Miles Davis ante un elevador sin retorno
CINE
Agustín Ortiz
Para 1957, el nombre de Miles Davis era ya ampliamente conocido por los amantes del jazz.
Discos esenciales como Blue Moods (1955), Quintet/Sextet (1956) y, especialmente, Birth of the Cool (1957), habían cimentado al joven trompetista como un genio del hard bop que, pese a sus adicciones y conflictos personales, no solamente coronaba las listas de popularidad sino que también se había convertido en una estrella que había sorteado los límite y barreras de un género hasta ese entonces considerado de nicho, para volverse quizá una de las primeras figuras en codearse con el mainstream, y no por eso vender la pureza del jazz.
Y fue en ese mismo año (1957), durante una gira por Europa, cuando, siguiendo el consejo de su asistente Jean Paul Rappeneau, Davis decidió que los confines del estudio le estaban quedando un poco chicos a su genio.
El cine era la siguiente cima por alcanzar.
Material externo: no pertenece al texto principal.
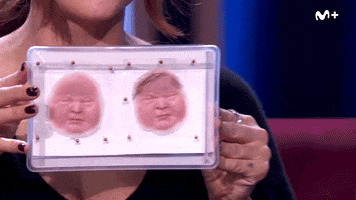 Miren Ibarguren Fx GIF by Movistar Plus+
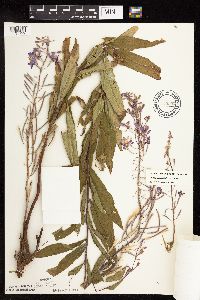 Chamaenerion angustifolium subsp. circumvagum image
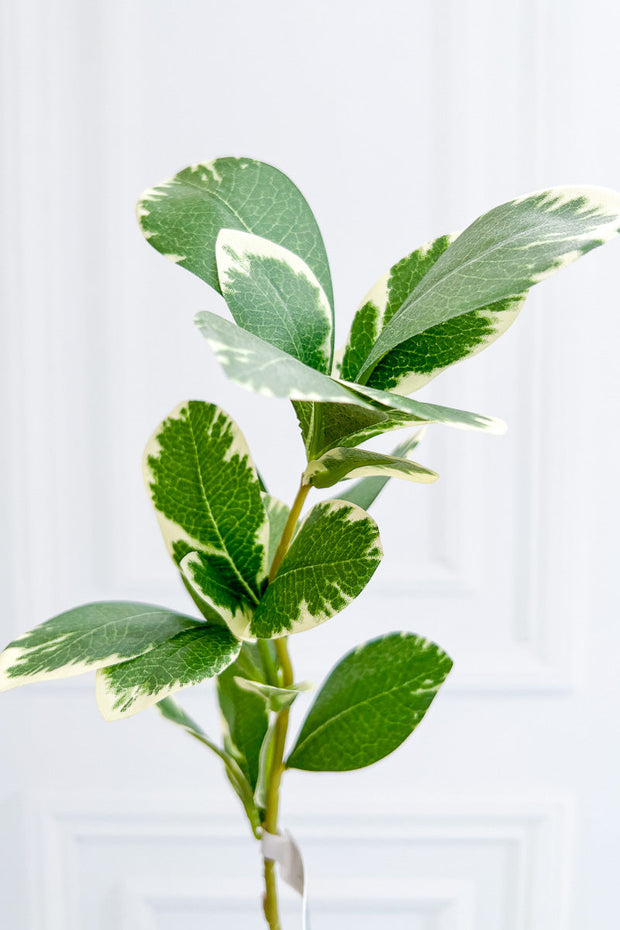Silk Pittosporum Leaf Spray Green/Vr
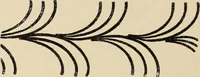 An illustration from Méthode de composition ornementale (1905)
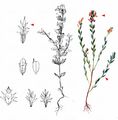 Irish Eyebright - Euphrasia salisburgensis Funck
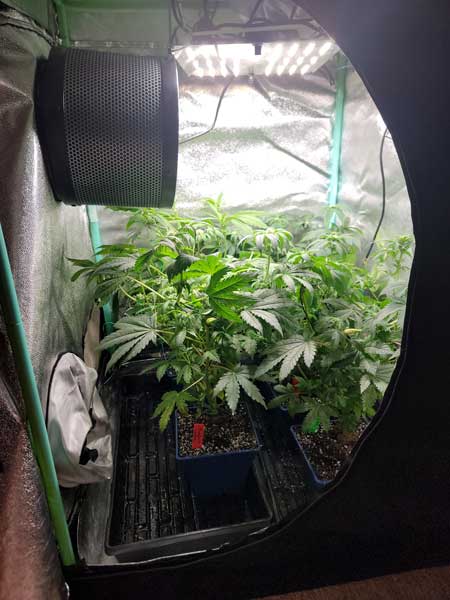 Carbon filter and fan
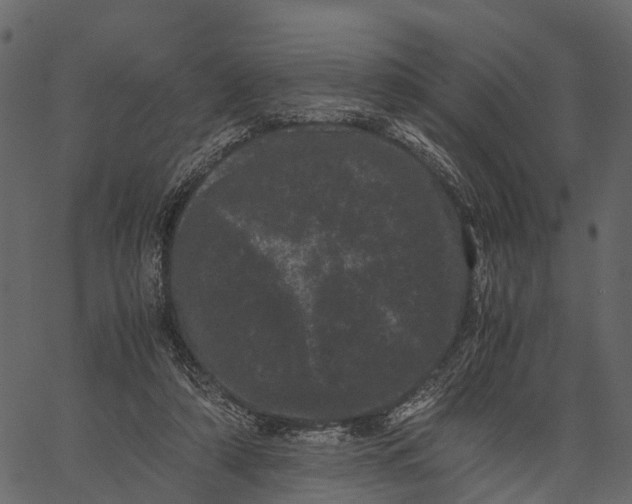 X0000062630306200601111107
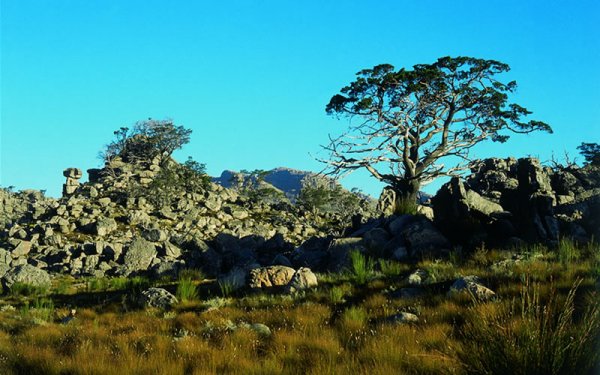 Bushmans Kloof Wilderness Reserve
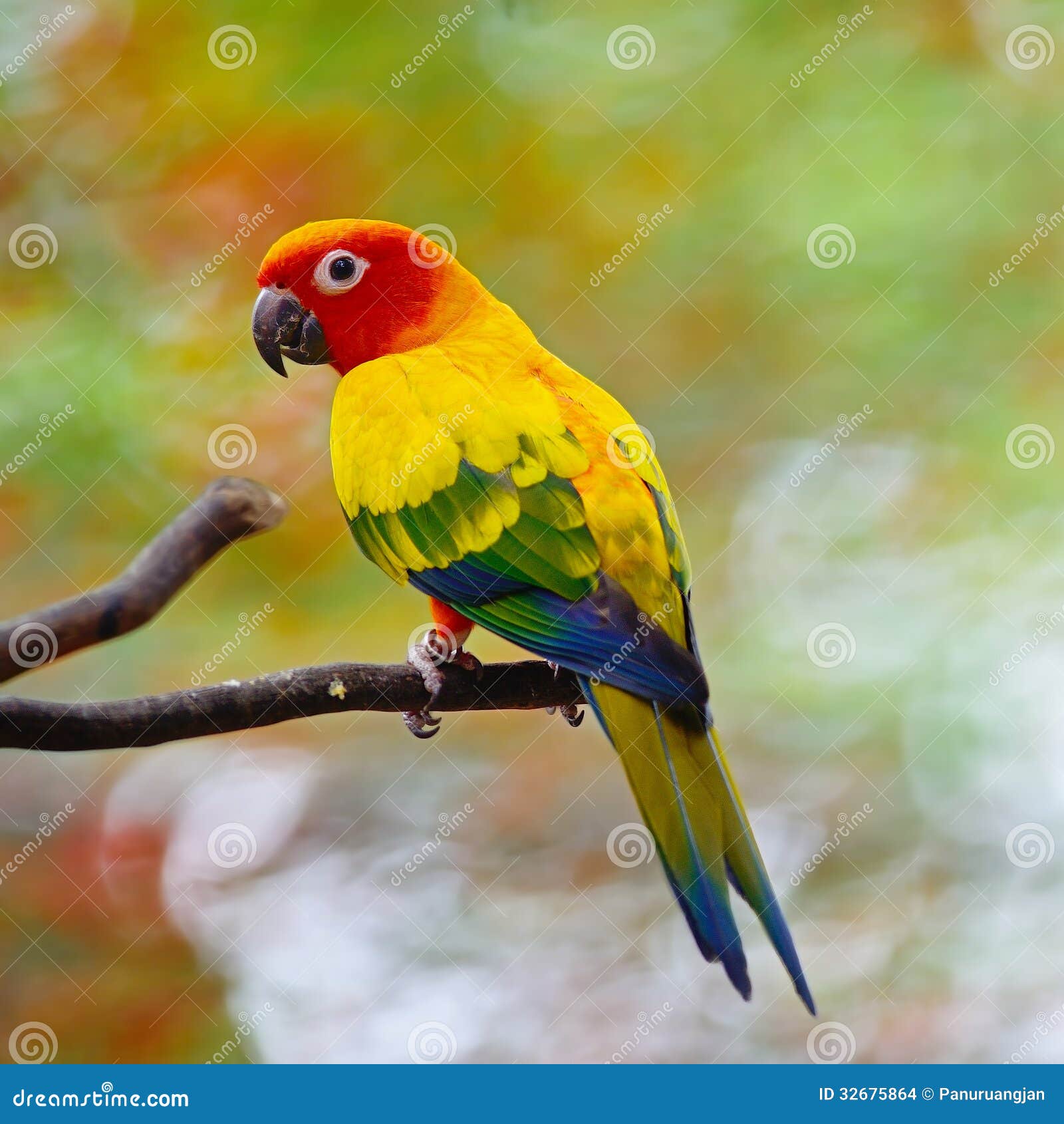 Sun Conure Stock Images - Image: 32675864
Luego de presentarse en el legendario Club Saint Germain de París, Rappeneau le presentó a un joven director de nombre Louis Malle, uno que recientemente había ganado la Palma de Oro en Cannes por El mundo silencioso (Le Monde du silence, 1956, dirigida junto con Jacques Costeau), quien justamente se encontraba afinando los detalles de la que, a la postre, se convertiría en una de las cintas de culto para los amantes no sólo del noir sino del cine en general, y quien en la trompeta de Davis había oído la soledad y la melancolía que su película requería para poder ser terminada.
Y precisamente esa melancolía que a veces es tan esencial a la hora de narrar en el llamado Cine Noir (O Cine Negro, con sus mujeres fatales, héroes atormentados, traiciones y bajos mundos infernales) no era fingida en la música de Miles: él mismo luchaba contra la adicción a la heroína que lo había minado al grado de desintegrar su famoso primer Quinteto (que incluía nada más y nada menos que a John Coltrane) para lanzarse a solas ante el público. Y justamente queriendo probarse como músico en esa soledad, Miles aceptó trabajar con Malle.
Después de dos semanas, con el piano y sí mismo cómo única compañía, Davis arribó al estudio para grabar lo que sería una obra maestra, no sólo del cine, no sólo del jazz, sino de la comunión de música y séptimo arte, una banda sonora que compartiría nombre con la cinta: Elevator to the Gallows (Ascenseur pour l’échafaud, 1958).
Y Miles no volvió a ser el mismo.
Ni el jazz.
Fue el 4 de diciembre de 1957 cuando Miles se encerró en compañía de su nuevo quinteto para, con una copia rudimentaria de la cinta, improvisar 10 piezas que a la postre no sólo musicalizarían la tragedia que el tenía enfrente (descubriendo la melodía al mismo tiempo que veía la cinta, mientras que sus músicos sólo podían apoyarse en líneas melodicas rudimentarias que Miles les había compartido), sino que en medio de la tensión rompería las barreras del hard bop y le devolvería su libertad a un género que en ocasiones era más apreciado en su estilo definido.
Ahí, frente a la pantalla, a solas, Miles se encontró a sí mismo.
Y en 1958, saboreando esa soledad y libertad que le había permitido el séptimo arte, Miles lanzó Milestones.
Y en 1959, Kind of Blue.
El genio se convertía en leyenda y nada volvería a ser igual.
Para el cine, el jazz, el mundo.
Y todos aquellos corazones solitarios y trémulos que en el jazz encuentran la mejor compañía para ser.